Share Price Performance:
The share price reached a record $3.50 in November before tapering off to $3.35 in early January, which, at earnings per share of 23 cents, works out at 14.6 times last year's earnings. According to market gossip, broking firm First NZ Capital has been trying to sell a large parcel of shares without success for about three months, which hasn't helped the share price.
Management:
The management team is led by managing director Mark Waller, who has held that position since 1987. As he notes in the latest annual report, operating profit has risen 21 times from $500,000 in 1998 to $11.8 million in 2003 under his stewardship.
Current Strategy:
Waller wants to lift the company's annual sales from the record $224 million in 2003 to more than $500 million in about four years time - sales have risen from $72.3 million in 1999. Much of this growth will come from acquisitions, particularly of "own brands" business. In the last year, Ebos has bought the Nature's Kiss business and its Anti-Flamme brand of herbal-based anti-inflammatory products, and the Allersearch asthma products brand and business in Australia.

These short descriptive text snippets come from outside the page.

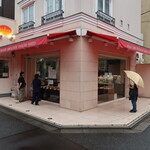 フランス菓子 パティシエ ショコラティエ イナムラショウゾウ - 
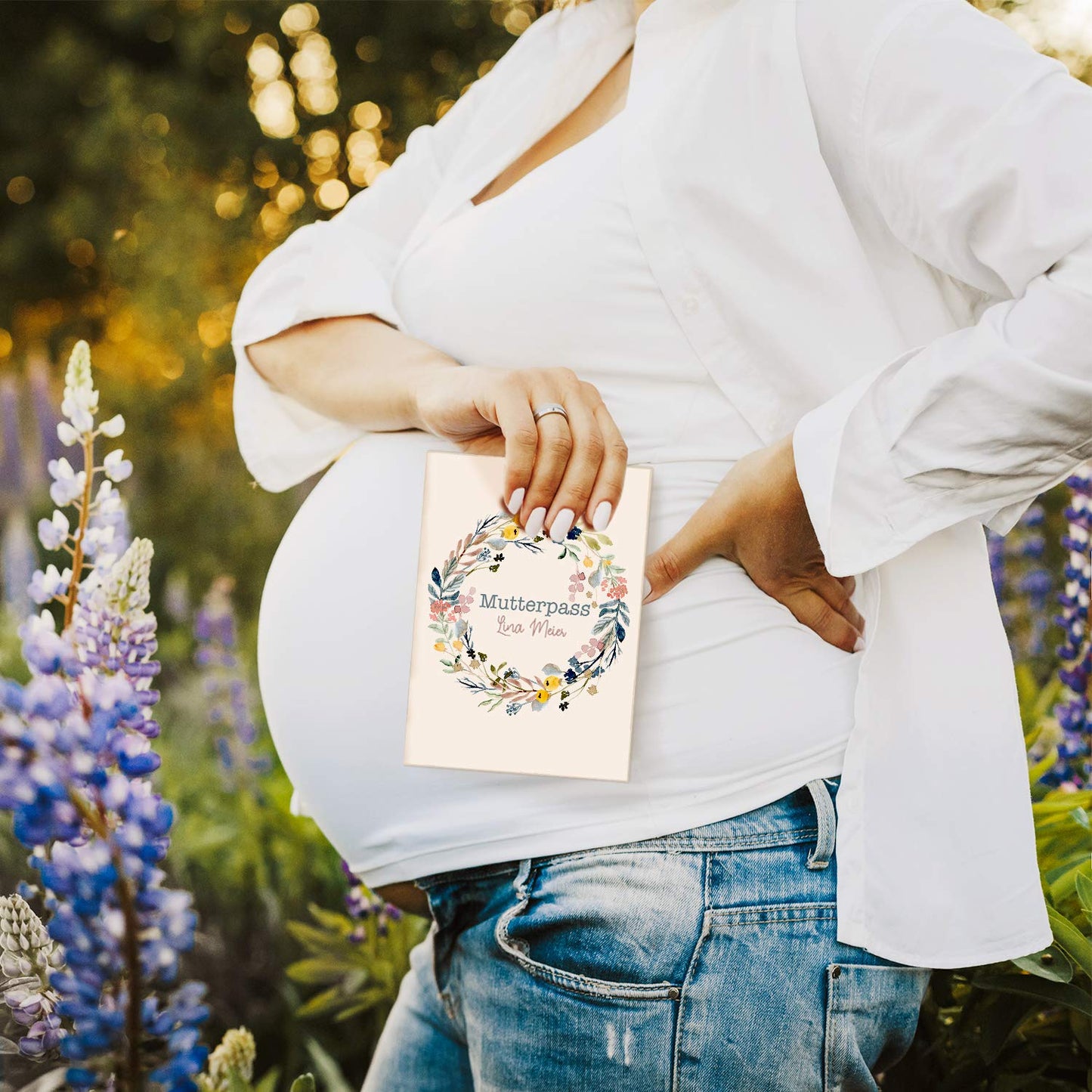 Flower Circle Mutterpasshülle Mit Personalisierung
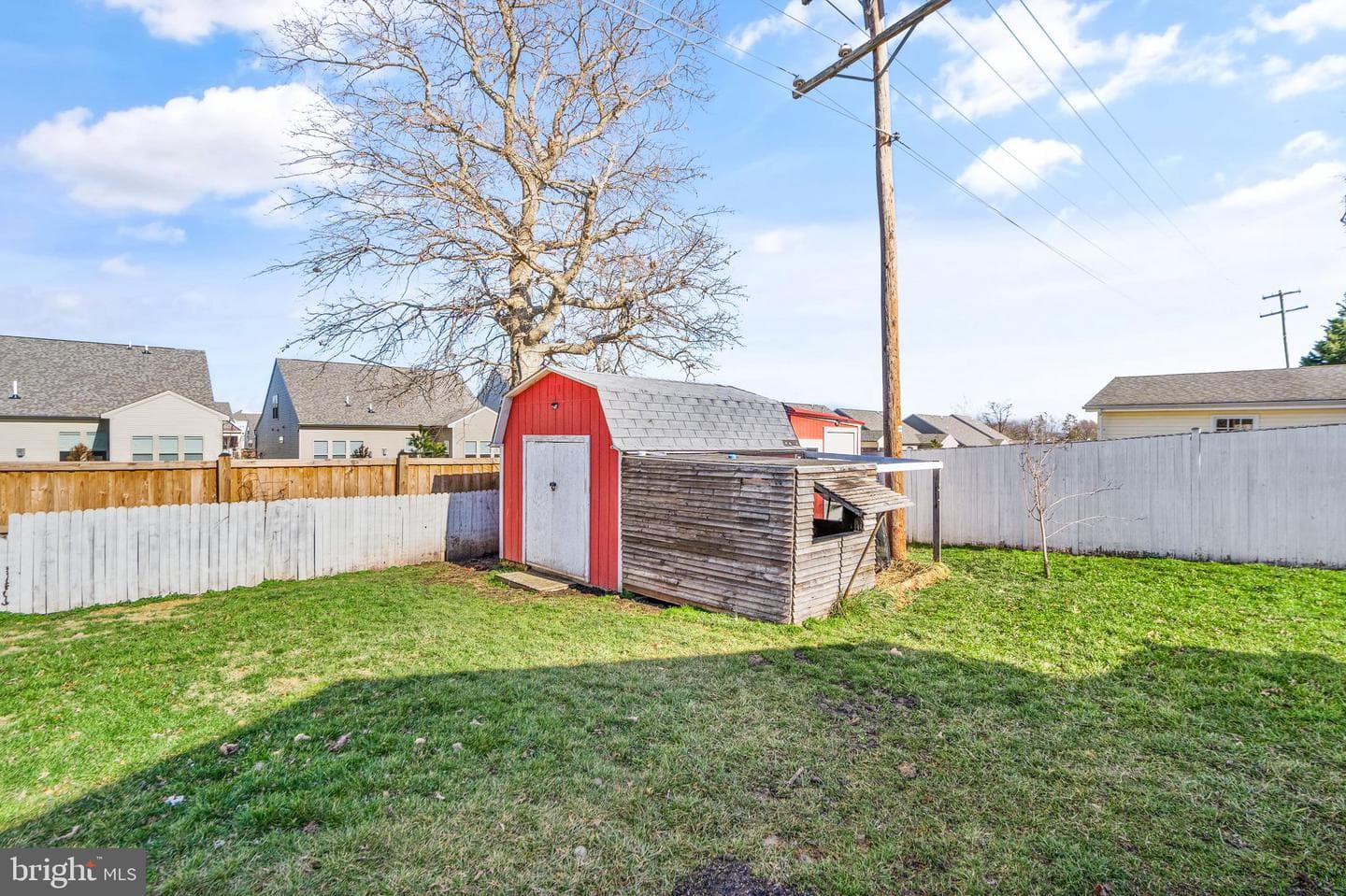 314 W Juniper Avenue photo 34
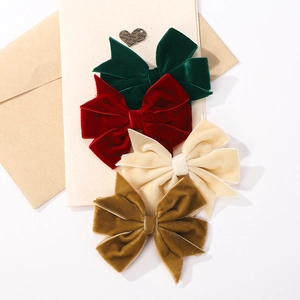 Lot de quatre barrettes à nœud en velours vintage en vert, rouge, crème et caramel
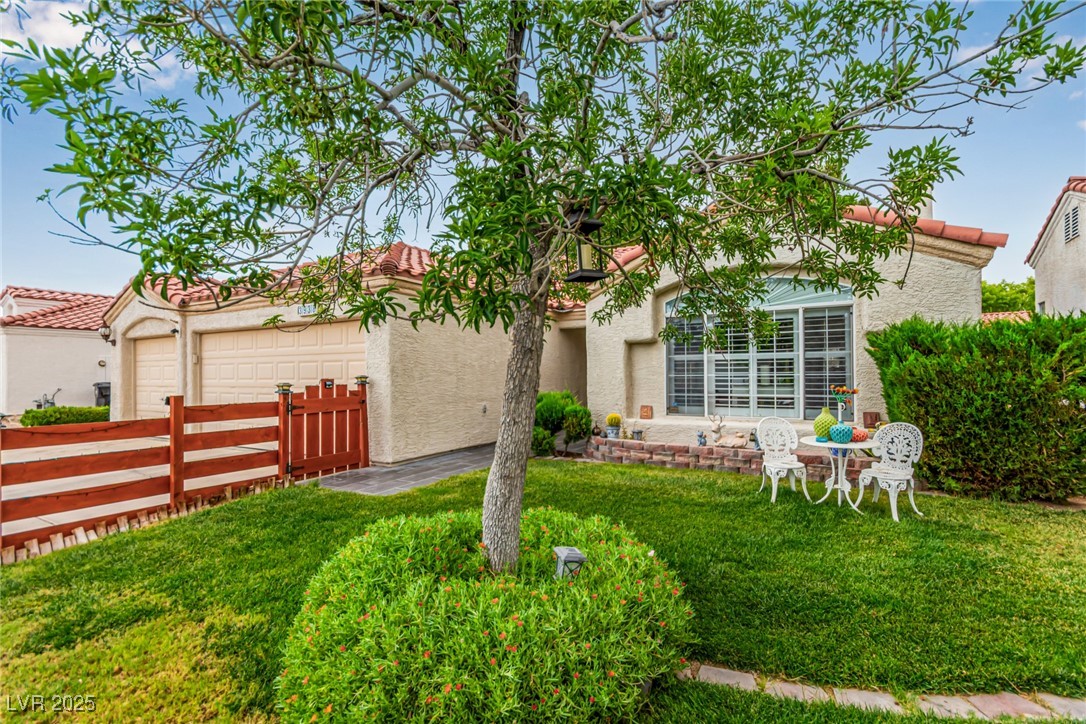 3938 Redfield Avenue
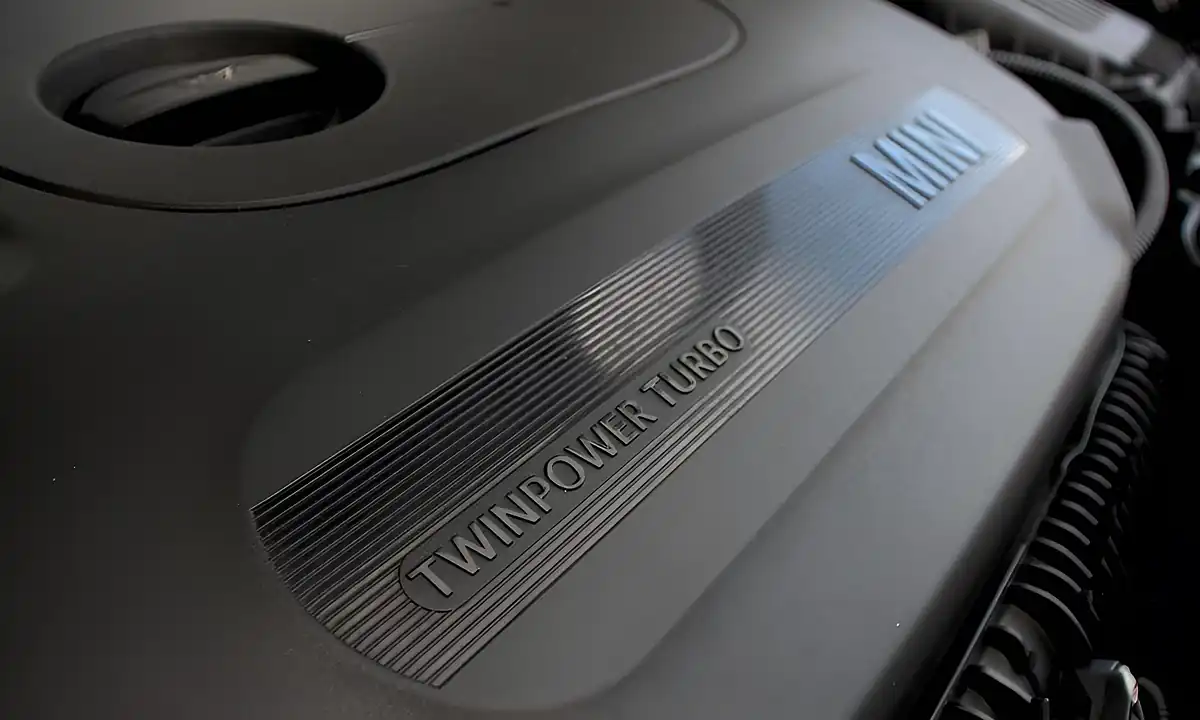 Used 2020 MINI Hatch Sport White - Interior and Exterior details 18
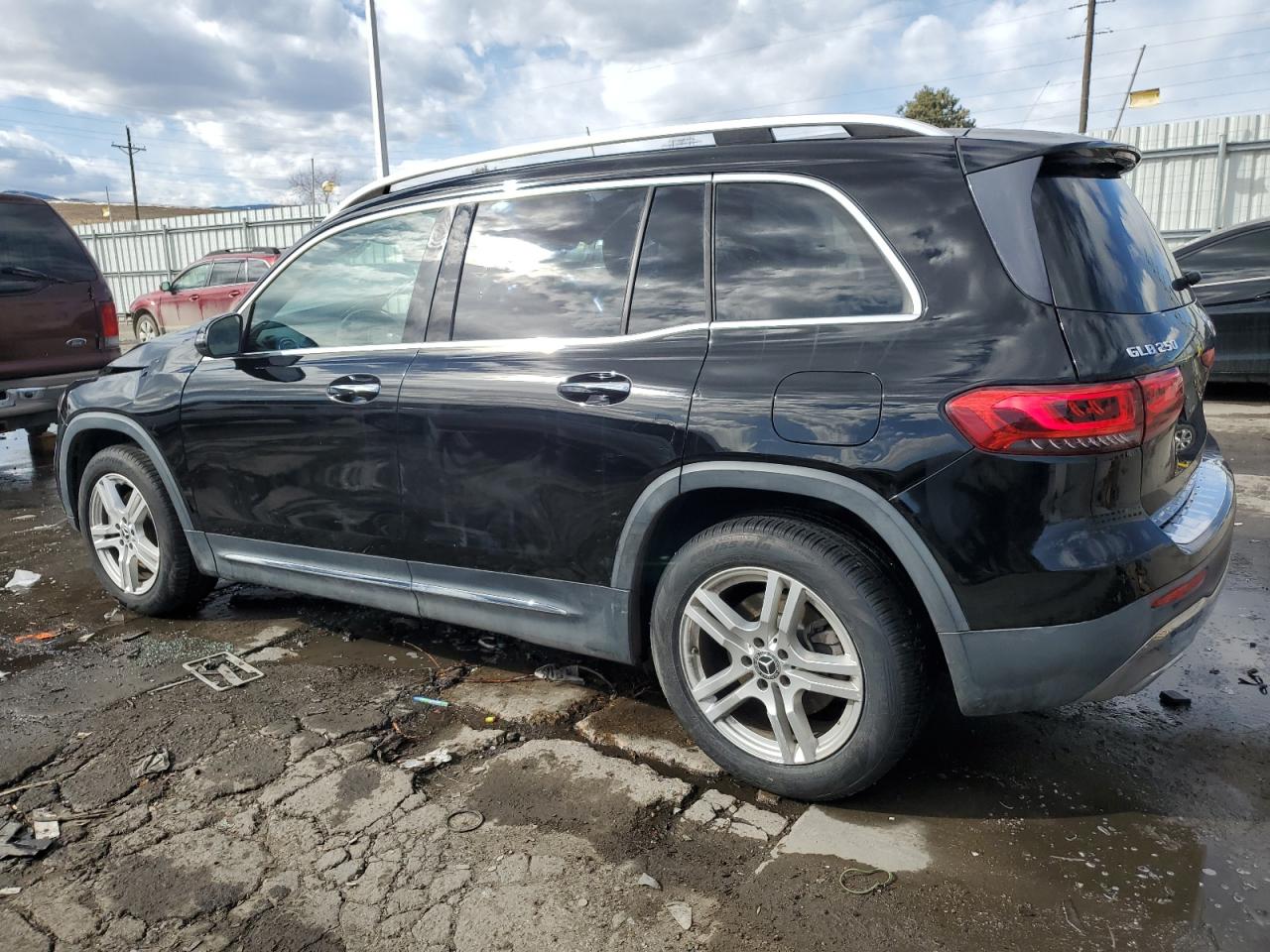 2020 Mercedes-Benz GLB - Image 2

The company has also diversified into wholesaling since 1999 when it first began buying into Health Support, a hospital supplies and logistics business supplying the major Auckland public hospitals. It bought the final 26% of Health Support in 2002. The Auckland hospitals have always begrudged having to buy from Ebos, a hangover from Health Support's public service days, and hospitals outside of Auckland haven't wanted to buy through it because it has been seen as belonging to the Auckland hospitals. Waller says now the business is truly independent, "we're getting a lot more support. It's being seen as a benefit that it's now arms length."
Recent Track Record:
While the company's recent track record has been good with profitability at record levels, the biggest risk currently is that it may lose some of the Health Support business which has been put out to tender by the Auckland hospitals. Tenders have closed but the outcome isn't expected until late June. Nevertheless, Waller remains upbeat, rating the odds in favour of Ebos retaining its current contracts at better than 60% or 70%. "If we lost some of it, maybe we would lose the pharmaceutical side." But the margins there are very slender and the impact on earnings before interest and tax would be only in the order of $200,000. Waller argues the logistics service Ebos provides is unique and that it would take another party considerable time and money to replicate it, but acknowledges a competitor feeling predatory may be able to snaffle the business. In that case, Ebos does have contingency plans in place, he says.